William Stoughton was a colonial magistrate and administrator in the Province of Massachusetts Bay.
Background
William was born on September 30, 1631 in England. He was the second son of Israel Stoughton, who came to New England about 1630, was one of the founders of Dorchester, and became one of the largest landowners in the Massachusetts Bay Colony. Israel was a brother of John Stoughton, rector of Aller, Somerset, and step-father of Ralph Cudworth, the Cambridge neo-platonist.
Education
After graduating from Harvard College in 1650, he went to England to continue his studies at Oxford, where he became a fellow of New College and received the degree of M. A. on June 30, 1653.
Career
Stoughton was curate at Rumboldswyke, Sussex, in 1659. Ejected from his fellowship at the Restoration (1660), he returned to Massachusetts in the summer of 1662. He preached for several years in the Dorchester church and was paid for his services, but repeatedly declined to become pastor there or at Cambridge.
In 1668 he preached an election sermon in which he asserted that "God sifted a whole Nation that he might send Choice Grain over into this Wilderness". Stoughton served as an assistant of Massachusetts Bay, 1671-86; as a commissioner of the United Colonies, 1674-76, 1680-86; and as judge of various courts.
With Peter Bulkeley he represented Massachusetts before the King in the controversy over the Mason claims, 1676-79, and by adopting the conciliatory attitude he deemed necessary in these negotiations greatly displeased the radical element in Massachusetts.
In 1681 Stoughton and Joseph Dudley were appointed, at their own suggestion, to examine land titles in the Nipmuck country - a profitable service, since each agent received a liberal portion of the land ceded by the Indians as the result of the investigation.
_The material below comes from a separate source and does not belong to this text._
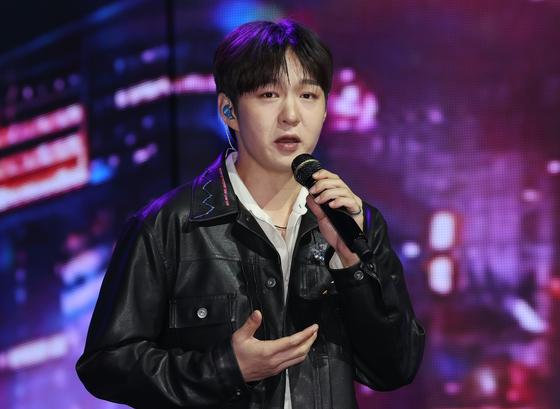 Lee Chang-sub performs ″Old Town″ during a press showcase held on Wednesday at the Blue Square in central Seoul. [FANTAGIO]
When Dudley became president of the temporary government established in 1686 after the revocation of the charter, he appointed his adherent deputy president.
Apparently a loyal servant of the King - except when the interests of the Crown conflicted with his own interests as a landholder or the interests of Harvard College, of which he was one of the most generous native benefactors.
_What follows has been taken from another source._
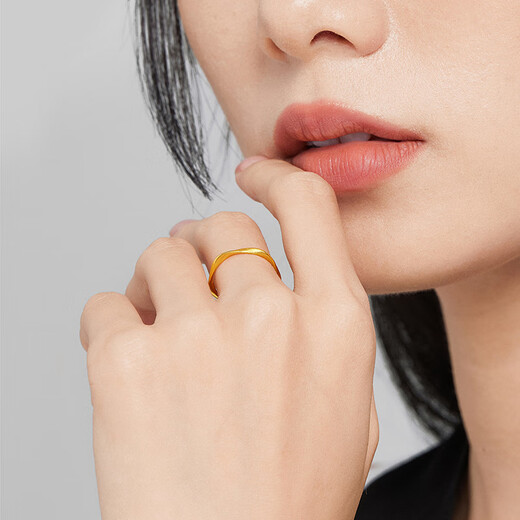 Lukfook Jewelry gold ring Möbius ring Fuman heirloom pure gold solid couple ring price No. 10 - about 1.60 grams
Stoughton was on the council of Governor Edmund Andros; but when rebellion came he signed an address of the magistrates advising the Governor to deliver the fort to the revolutionists, and in 1690 he signed a paper drawn up by members of the former council denouncing Andros' acts while governor.
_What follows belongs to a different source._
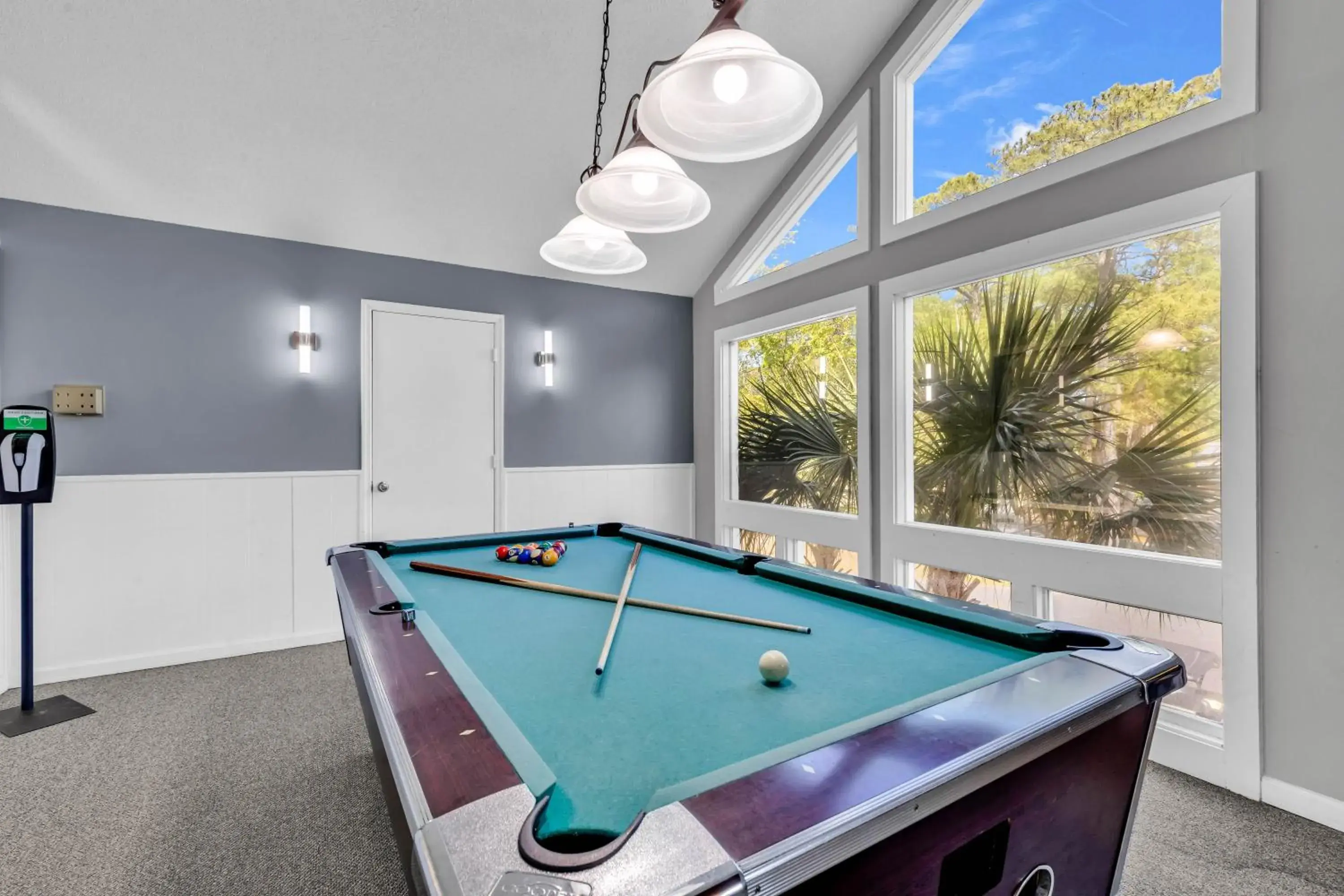 Billiard in The Links Billiard in The Links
Named lieutenant-governor May 1692 under Sir William Phips, he became acting governor on the latter's departure for England in 1694, and was the active head of the government thereafter until his death, except from May 1699 to July 1700, when Governor Bellomont was in Boston.
Stoughton was chief justice of the court of oyer and terminer which tried the Salem witchcraft cases in 1692, and by his insistence on the admission of "spectral evidence, " as well as by his overbearing attitude toward the accused, the witnesses, and the jury, was largely responsible for the tragic aspect they assumed.
Personality
He seems never to have repented, and his refusal to yield to feelings of compassion after most others had become enlightened indicates his essentially cold, proud, and obstinate nature.